11 APR - L’importanza di arrivare quanto prima alla gestione e cura del piede diabetico, una delle complicanze più temibili le persone con diabete. A sensibilizzare sul tema su
Quotidiano Sanità è il presidente della Federazione rete sarda diabete,
Riccardo Trentin.“L’impatto della malattia del piede diabetico sulla vita delle persone è devastante – spiega Trentin -. Tanto che negli ultimi anni i ricercatori si sono concentrati sulla qualità della vita nelle persone con problemi di piede diabetico. Tra i professionisti sanitari coinvolti nella cura del piede diabetico nel team multidisciplinare dovrebbe essere sempre presente il podologo che svolge un ruolo fondamentale nella prevenzione. Ricordo che il diabete è una grave malattia cronica che è causata dalla combinazione di fattori genetici ed ambientali e l’innalzamento dell’età media, l’obesità, la vita sedentaria e il cambiamento degli stili alimentari stanno portando anno dopo anno ad un aumento di incidenza del diabete e delle sue complicanze”.
“In questi ultimi anni – prosegue il presidente della Federazione - i ricercatori sono giunti a definire un protocollo multimodale per il salvataggio dell’arto e la rivascolarizzazione degli arti nel paziente diabetico, utilizzato anche in Sardegna. Rimane alta l’attenzione sull’importanza della prevenzione considerate le alte percentuali di persone affette dalla patologia. Centrale è il lavoro delle diverse branche mediche specialistiche che si prendono carico del paziente con piede diabetico per gestire questa grave complicanza, parlo delle branche della chirurgia plastica e di quella ortopedica. L’obiettivo è la speranza di prevenire importanti amputazioni”.
“Diventa fondamentale lo screening del diabete. Prevenire – spiega Trentin - è uno dei nostri motivi più importanti. E’ con questo spirito che abbiamo cominciato ad avviare momenti di sensibilizzazione alla prevenzione in tutto il territorio regionale perché questo favorisce maggiore consapevolezza, sia nelle persone con diabete, sia nelle famiglie che hanno propri figli o parenti con il diabete. Perché tutto passa attraverso un percorso di prevenzione e di educazione”.
“Come è stato – racconta Trentin - per
Matteo Porru, che è qui con me, un giovane attivissimo che non si ferma mai, viaggia molto in Italia ed Europa. Matteo alla sola età di 12 anni scopre di essere affetto di diabete di tipo 1, che va purtroppo a peggiorare la situazione del suo quadro clinico in quanto già provato da precedenti importanti malattie. E’ il nostro guerriero, una voce per tanti giovani che si trovano ad affrontare con difficoltà di accettazione il diabete”.

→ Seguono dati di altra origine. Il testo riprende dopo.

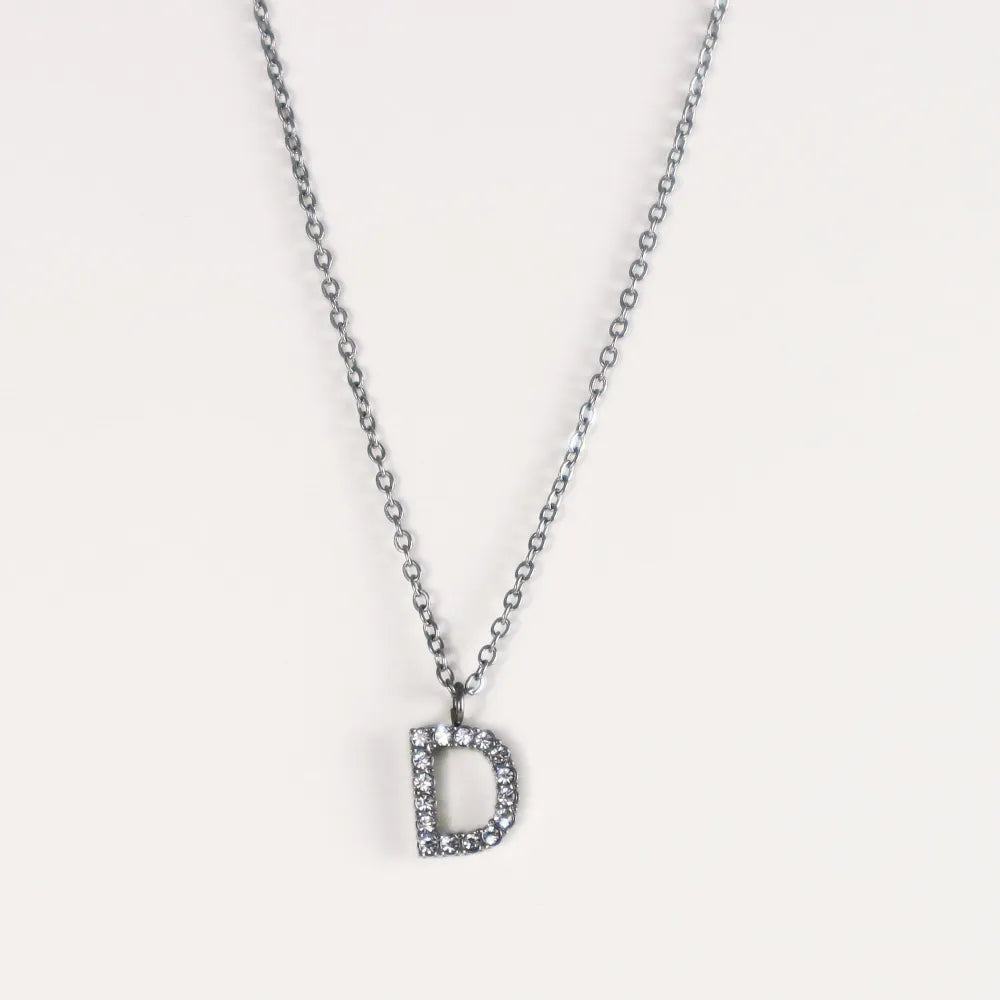 Colgante Plateado con Inicial Personalizada-Medium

“Ho conosciuto diversi ragazzi della mia età - interviene il giovane -, anche più piccoli di me, diabetici, paralizzati dalla malattia. Ragazzi che praticavano sport a livello agonistico che si sono fermati, persone con interessi anche vivi, anche importanti, coltivati con metodo e costanza, ma che davanti alla malattia si sono bloccati. Io col diabete ci vivo, ci volo letteralmente in tutti i sensi. Quindi è complicato pensare per me il diabete come ad un limite. Il diabete è un limite fino a quando tu lo classifichi come tale, lo idealizzi come tale, perché poi alla fine, se noi rimaniamo fermi sulla convinzione che i limiti siano ostacoli, non ne usciamo”.

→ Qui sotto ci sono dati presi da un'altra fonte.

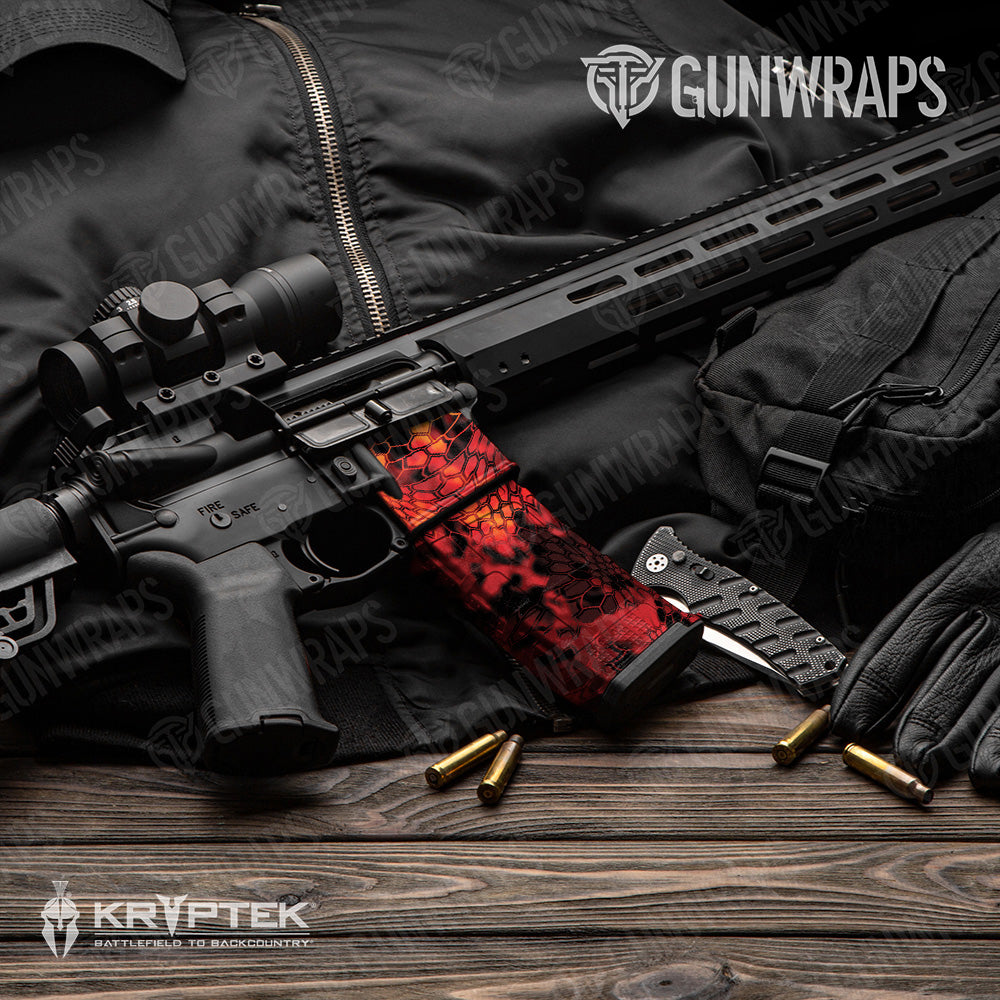 Kryptek Lava Camo AR 15 Mag & Mag Well Gun Skin Vinyl Wrap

“Il limite – prosegue Matteo Porru - è un tratto di matita che si può cancellare, e quindi che si può allungare, oppure semplicemente accettare, ma non bisogna dimenticare, questo è importante, che c’è. Mai dimenticare, mai dimenticarsi che bisogna avere rispetto per la malattia, mai sottovalutarla, mai prenderla sotto gamba, ma accettarla per quello che è. Senza costrizioni, senza difficoltà eccessive. Diabete vuol dire convivere con i numeri, vuol dire lottare con i numeri, vuol dire anche giocare come gioire per un 90, mandare a quel paese mezzo mondo quando vai a 300, ma vuol dire anche accettare gli errori. Perché poi alla fine il diabete è fatto di errori, perché quanto tu sbagli calcoli di carboidrati dici, ma chi me lo ha fatto fare! Il diabete è fatto di esperienza”.

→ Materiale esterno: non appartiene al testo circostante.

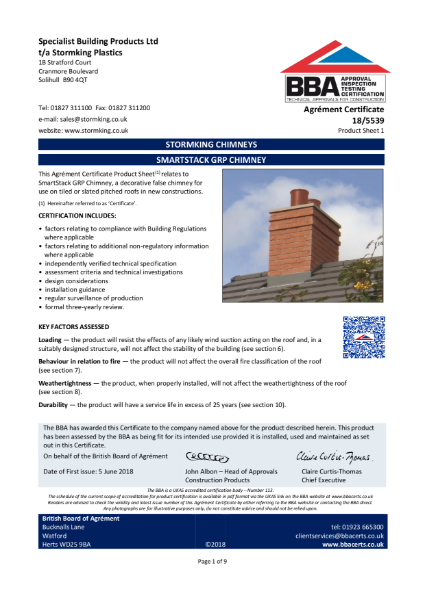 Stormking Chimneys, SmartStack GRP Chimney - British Board of Agrément Certification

“E’ dall’errore che poi capisci che il rapporto insulina-carboidrati lo devi abbassare, o che magari devi concentrarti di più sulla distribuzione dell’insulina od altro ancora. Ci sono tanti modi in cui poi ci si può perfezionare. Però mai fermarsi davanti alla paralisi: la paralisi non aiuta nessuno, non aiuta te, non aiuta soprattutto il diabete” – conclude Porru.